The bill, part of the governor’s “Building Idaho’s Future” plan for allocating Idaho’s record budget surplus, provides $3 million to the university to build and staff the Idaho Center for Plant and Soil Health. The $3 million rounds out the $7 million cost of the project.

The other $4 million for the project was funded through by the university and agriculture and business stakeholders.

Michael Parrella, dean of the university’s College of Agriculture and Life Sciences, proposed the upgrade in 2019. The proposal includes a new facility — the Center for Plant and Soil Heath — with upgraded laboratories. The labs are currently based in two double-wide trailers.

Parma Extension Center building proposal

A rendering of the proposed new building to the Parma Research and Extension Center.

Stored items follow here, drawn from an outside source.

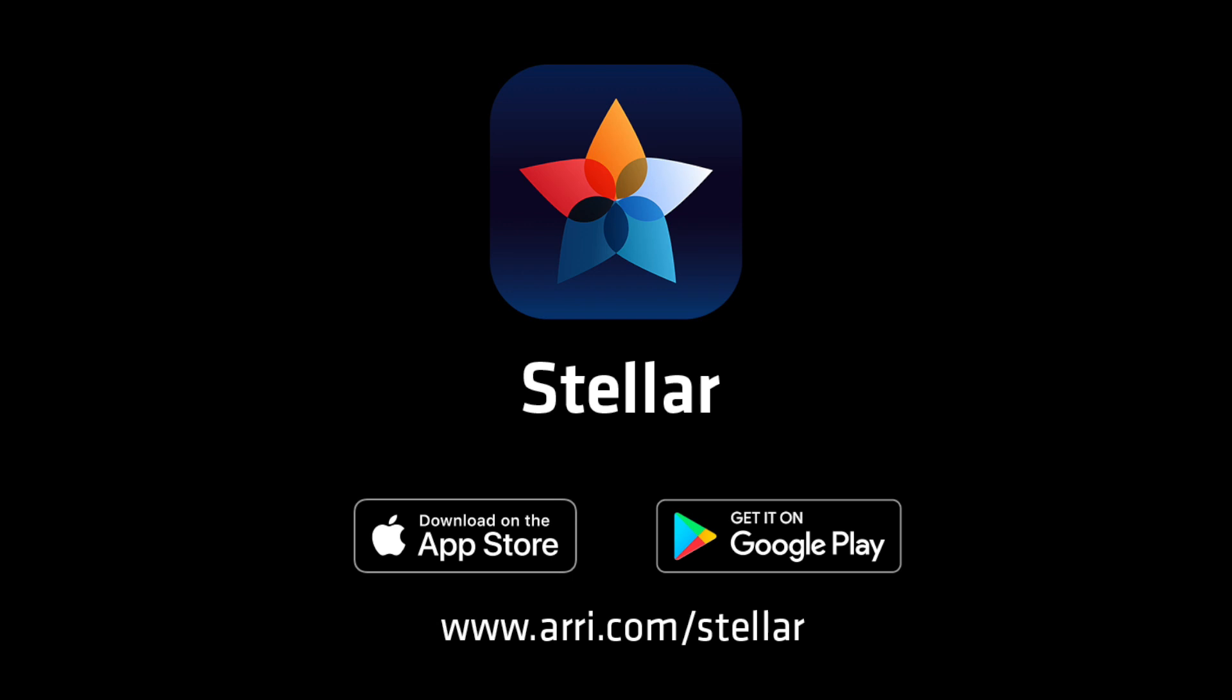Stellar version 1.5 is available as a free update for subscribers. For more information, please visit www.arri.com/stellar. Thanks for watching.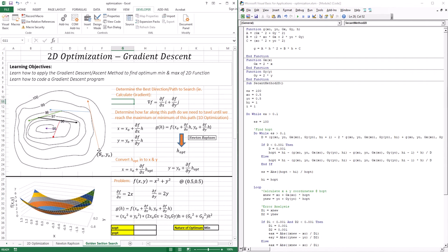The first thing you're going to do is determine the best direction to go. The best direction, if we're trying to find a minimum, is the direction in which you're going to descend the fastest. Then you're going to walk along this path until you reach the maximum descent point, because these are contour lines — 100, 99, 98. At this point, if you keep going further, you're going to start ascending again to 100, so this is the maximum descent along this path.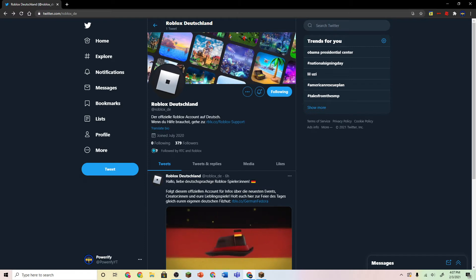So this was made in July 2020, but I've never noticed this until now. Maybe this was just a new account or something.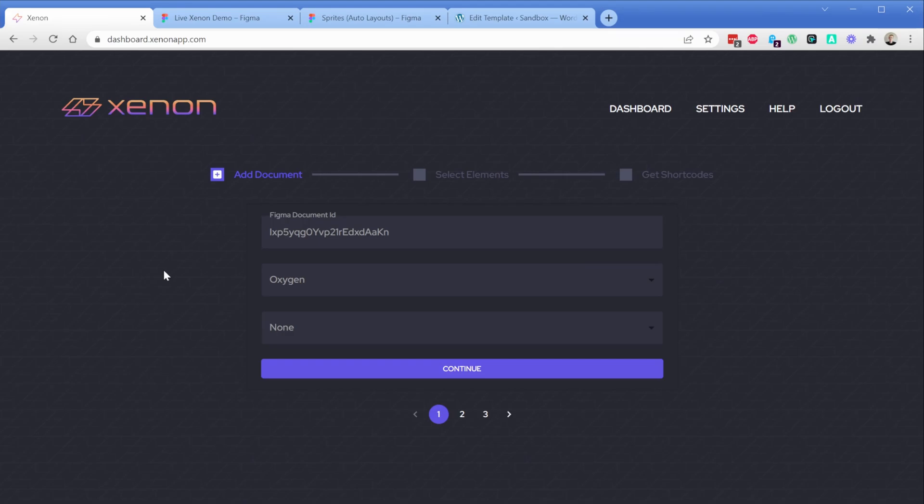Xenon is the app that lets you export your Figma designs into Oxygen automatically, and in the last couple of days we've shipped two big updates that are going to really help your workflow when using Xenon.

“Made possible by the governor’s plan for ‘Building Idaho’s Future,’ this investment demonstrates the importance of agricultural research for Idaho’s economy,” Parrella said in an emailed statement. “This much-needed renovation will ensure we continue to recruit and retain world-class faculty who are critical to advancing research that benefits all of Idaho agriculture.”

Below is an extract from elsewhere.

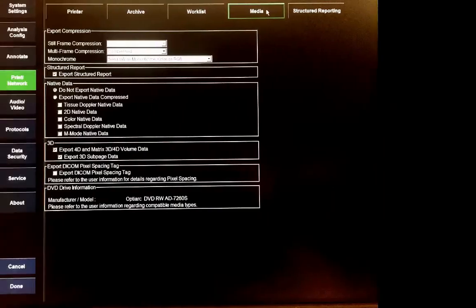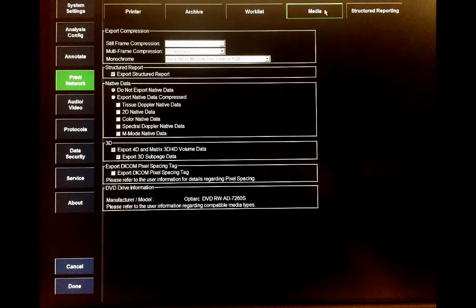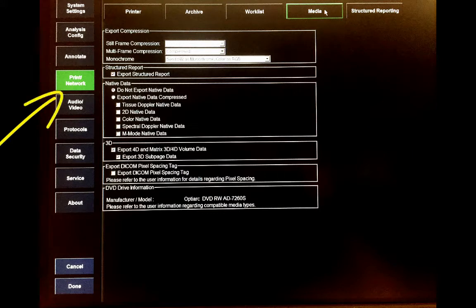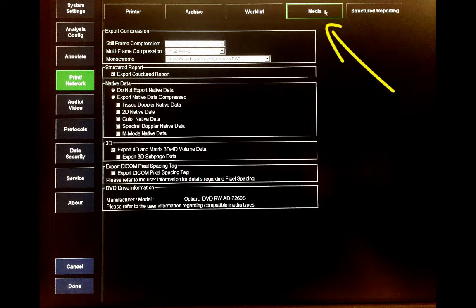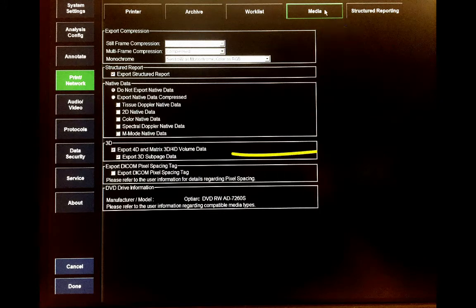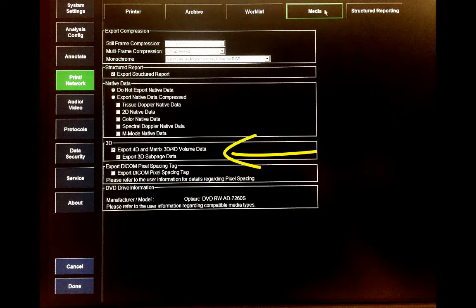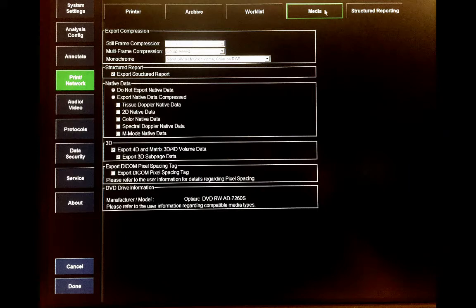This is the screen that comes up. Here click Print Network on the sidebar, and then click Media. Make sure under 3D, Export 4D and Matrix 3D/4D volume data is selected. Now you're ready to export raw 3D data.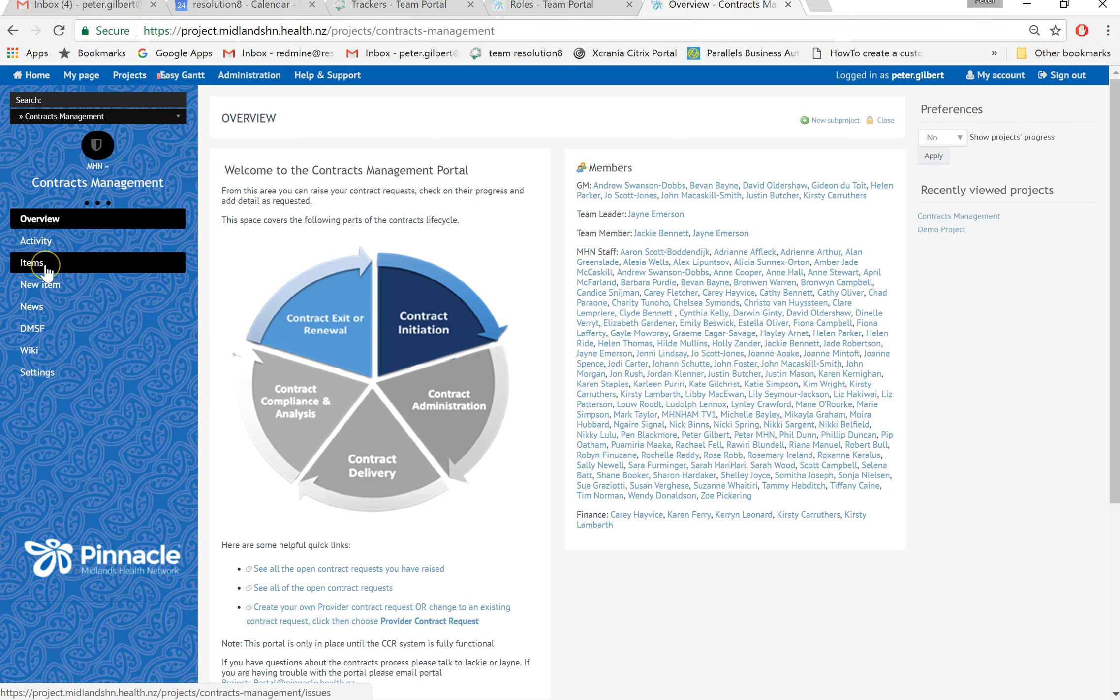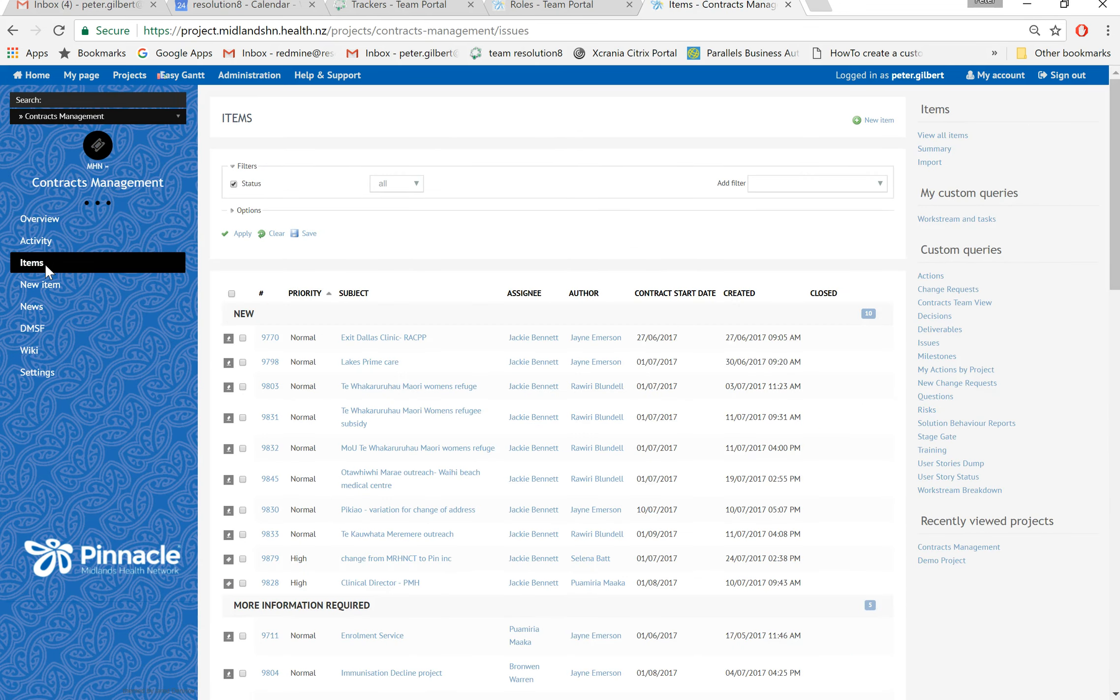This is how you change your view of the items you're looking at. If you're looking at a particular list of items, say contracts team view...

The current research center campus is about a mile north of Parma on 200 acres. It focuses on research and extension programs in production, storage and related problems of vegetable, forages, cereals, hop, mint, fruit and seed crops.

The center was slated for closure in 2009, but it managed to survive the financial crisis and university budget cuts.

“The soil and plant health research done in Parma goes beyond those growers,” Parrella previously told the Idaho Press. “The idea is that Parma represents crop diversity in Idaho. More than 40 crops are grown there, and the research done in Parma has statewide impact.”

The Parma upgrades are planned to be completed by 2023.

According to the governor’s office, the bill signed by Little on Wednesday, HB 225, also appropriates funding for:

  • Replacing dorms at the Idaho Youth ChalleNGe Academy, a successful program located in Pierce to help high school dropouts turn their lives around and become productive citizens.
  • New Future Tech facility at the College of Eastern Idaho to support workforce development.
  • Two new University of Idaho greenhouses to increase seedling production and promote healthy forests.
  • Replacing and developing needed facilities in Idaho’s correctional system and juvenile corrections system.